1. A method comprising: receiving a signal having a number of frames into a device coupled to a display; retrieving a past viewing profile for a user of the device and at least one cue regarding viewing preferences provided by the user; and storing at least one sequence that is comprised of at least one frame based on the past viewing profile of the user of the device and the at least one cue regarding viewing preferences provided by the user.

2. The method of claim 1, further comprising updating an electronic programming guide associated with the user with identification of the at least one sequence that is stored.

3. The method of claim 1, wherein storing the at least one sequence based on the past viewing profile of the user of the device and the at least one cue regarding viewing preferences provided by the user comprises generating weighted scores for the number of frames based on a programming type for a program in a channel of the signal.

4. The method of claim 1, further comprising receiving the at least one cue from the user through a multimodal interface.

5. The method of claim 3, wherein receiving the at least one cue from the user through the multimodal interface comprises receiving a video sequence from the user through the multimodal interface.

6. The method of claim 3, wherein receiving the at least one cue from the user through the multimodal interface comprises receiving an audio sequence from the user through the multimodal interface.

7. The method of claim 3, wherein receiving the at least one cue from the user through the multimodal interface comprises receiving text from the user through the multimodal interface.

8. The method of claim 1, further comprising updating an electronic programming guide associated with the user based on the past viewing profile for the user of the device.

9. A method comprising: receiving a signal that includes a number of frames into a device coupled to a display; retrieving at least one cue related to preferences of a viewer of the display, wherein the at least one cue is selected from the group consisting of a video sequence, an audio sequence, text; and performing the following operations for a frame of the number of frames: generating a match score based on a comparison between at least one characteristic of the frame and the at least one cue; and storing the frame upon determining that the match score for the frame exceeds an acceptance threshold.

10. The method of claim 9, wherein performing the following operations for the frame of the number of frames further comprises deleting the frame upon determining that the match score for the frame does not exceed the acceptance threshold.

11. The method of claim 9, further comprising updating an electronic programming guide associated with the user with identification of the frames of the number of frames that are stored.

12. The method of claim 9, further comprising receiving the at least one cue from the user through a multimodal interface.

13. The method of claim 9, wherein generating the match score based on the comparison between the at least one characteristic of the frame and the at least one cue comprises generating the match score based on at least two comparisons between at least two characteristics and at least two cues, wherein the at least two comparisons are weighted based on a programming type for a program of which the number of frames are within.
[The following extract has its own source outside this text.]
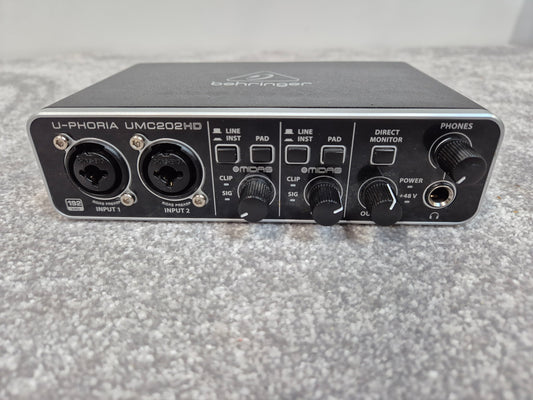 Behringer UMC202HD -  2-inputs and 2-outputs USB Audio Interface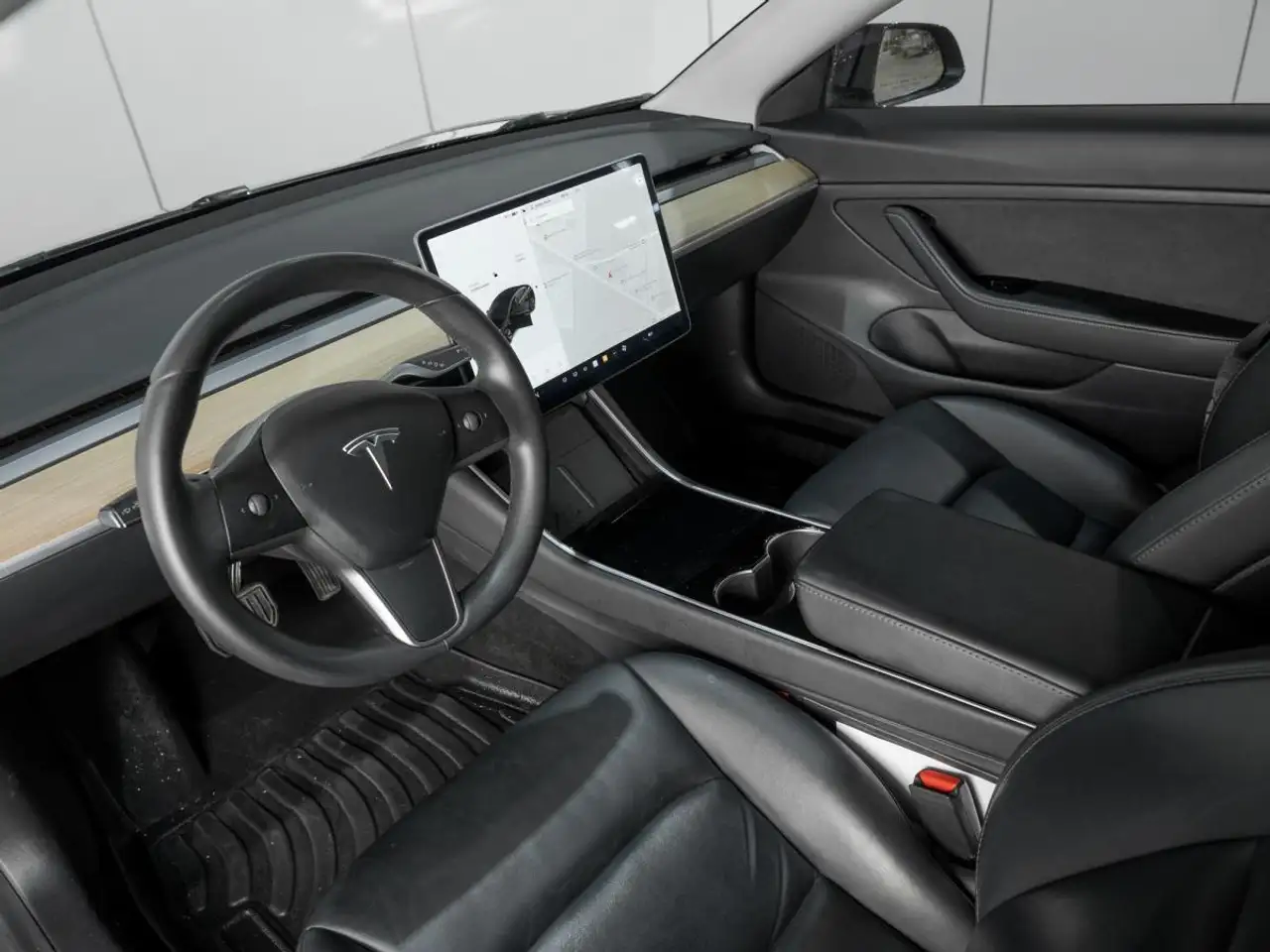 Tesla Model 3 снимка Tesla Model 3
14. An apparatus comprising: a storage medium; and a media asset management logic to receive frames of a program on a channel in a signal and to selectively store less than all of the frames into the storage medium based on at least one cue related to at least one viewing preference provided by the user.

15. The apparatus of claim 14, wherein the media asset management logic is to selectively store less than all of the frames based on a weighted score for frames, wherein weights of the weighted score are based on a programming type for the program.

16. The apparatus of claim 14, wherein the storage medium is to store an electronic programming guide associated with the user, wherein the media asset management logic is to update the electronic programming guide with identifications of the video that is to be selectively stored.

17. The apparatus of claim 14, further comprising an input/output logic to receive, through a multimodal interface, the at least one cue from the user, wherein the at least one cue is selected from a group consisting of a video sequence, an audio sequence, and text.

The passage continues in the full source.